Denaturing of proteins is illustrated two ways. First: when an egg white (concentrated source of albumin) is poured onto a hot surface, the clear albumin begins to change to a solid that has a jelly-like consistency. This same denaturing occurs with meat juices in that when a hamburger is placed on a griddle, the clear red juices start to become brown and initially turn into brown jelly-like strands.
Protein denaturing is important from a digestive standpoint in that “cooked” proteins can be more readily digested. Digestive enzymes can work on this denatured protein more easily because the protein coils have already been unraveled (denatured).
Getting back to eggs, if an over easy egg is the entrée of choice, temperature again plays a clear role in protein denaturation.
Keep in mind that the yolk and white will coagulate at different temperatures, given their composition. Therefore, as an egg is put into production, the egg white will begin to cook and coagulate at around 142°F. Typically, the egg white will become a complete solid at close to 180°F. With the egg yolk, typically 158°F will completely solidify the yolk.
We’ve already examined how heat denatures protein. Did you know that other factors can denature protein, too? Here’s a quick overview.

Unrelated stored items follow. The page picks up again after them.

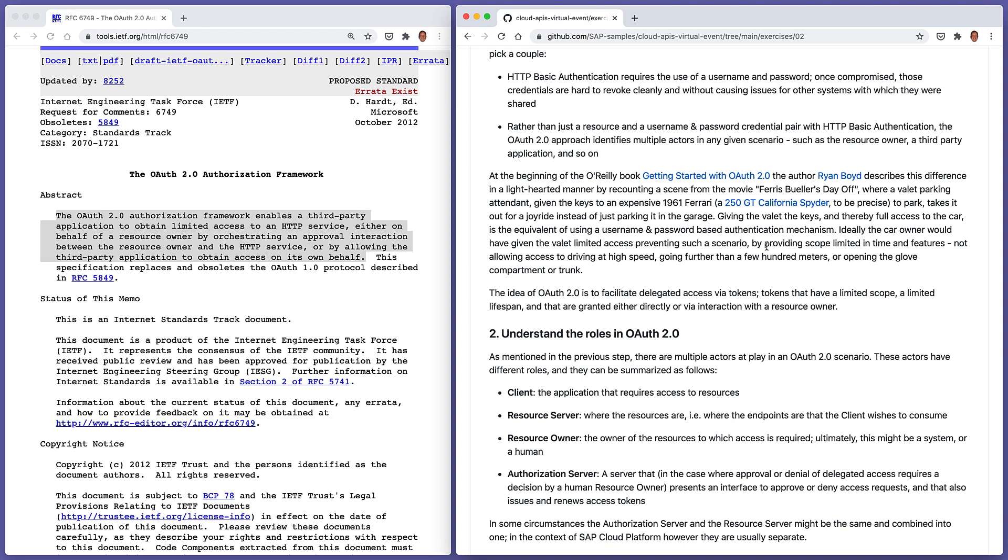So generally, the idea of OAuth 2 is to facilitate delegated access via tokens. Delegation is an important concept here. Access via tokens is an important concept. Tokens are given out, not usernames and passwords. And these tokens that are given out have a limited scope. They also usually have a limited lifespan. And those tokens are either granted directly to the actor that has requested them, or via interaction with a resource owner.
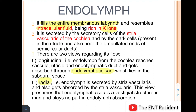The second view states a more radial approach — the endolymph is secreted by the stria vascularis and gets absorbed by the stria vascularis itself. This view presumes that the endolymphatic sac is a vestigial structure in man and plays absolutely no part in endolymph absorption. These are two very conflicting views and we do not really know which one to follow, so we should know both of them.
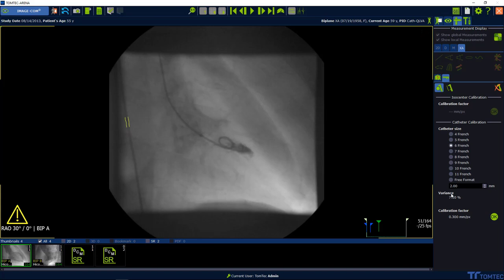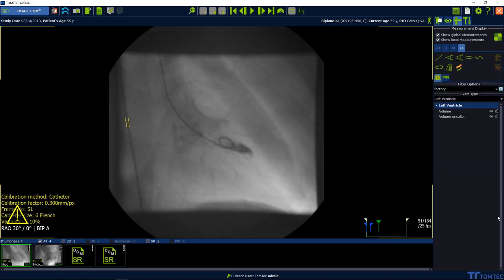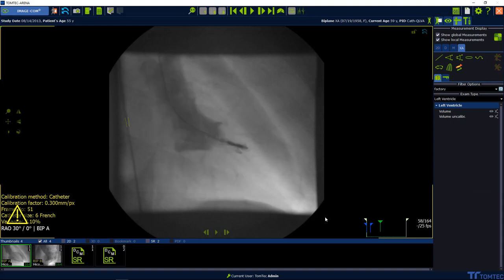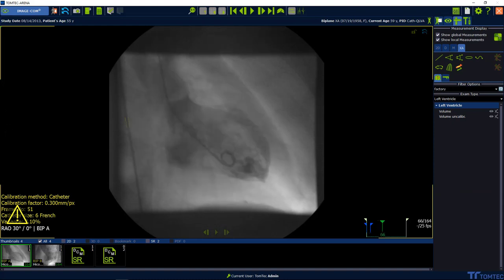You can also go frame by frame to see a better image. The size of the catheter will be automatically detected. Select OK to confirm the proposal. Please be aware the variance must be lower than 8%.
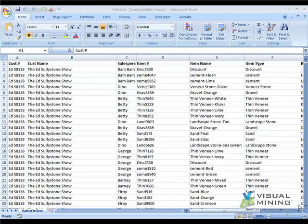It is also important to point out that as data is updated or new data is added in the Excel file and the file is saved, dashboards in NCPD will automatically refresh with the new data.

|Denaturing Agent||Mode of Action|
|Heat||Disrupts the hydrogen bonds of molecules. When frying an egg, produces coagulation.|
|Microwave||Molecules will vibrate and disrupt the hydrogen bonds, similar to adding heat|
|Whipping or shaking||Think of egg meringues. The molecules will form globular shapes and extend to longer lengths.|
|Acids (e.g., lemon juice) and bases||Disruption of the hydrogen bonds and salt bridges of the protein molecules.|
|Ultraviolet radiation||Disrupts hydrogen bonds but can make molecules vibrate too violently.|
Protein is a key nutrient for people of all ages and is used in every cell of the body for a broad range of metabolic functions. Its building blocks, amino acids, can be categorized as essential, non-essential, or conditional. Nine of the 20 amino acids used by the body are essential. Protein sources labeled “complete” provide all the essential amino acids.
During cooking, the three-dimensional structure of protein molecules is changed through a process called denaturation. As it cooks, an egg—one of the best quality sources of protein—traps moisture in the new shapes the protein molecules form. Applying too much heat results in a dry egg.
Yolks, with their higher fat content, cook quicker than whites. A perfect illustration of this is an over-easy egg.
Denaturation makes protein foods more digestible. In addition to heat, microwaving, whipping or shaking, chemical factors, and ultraviolent radiation can lead to denaturation of protein.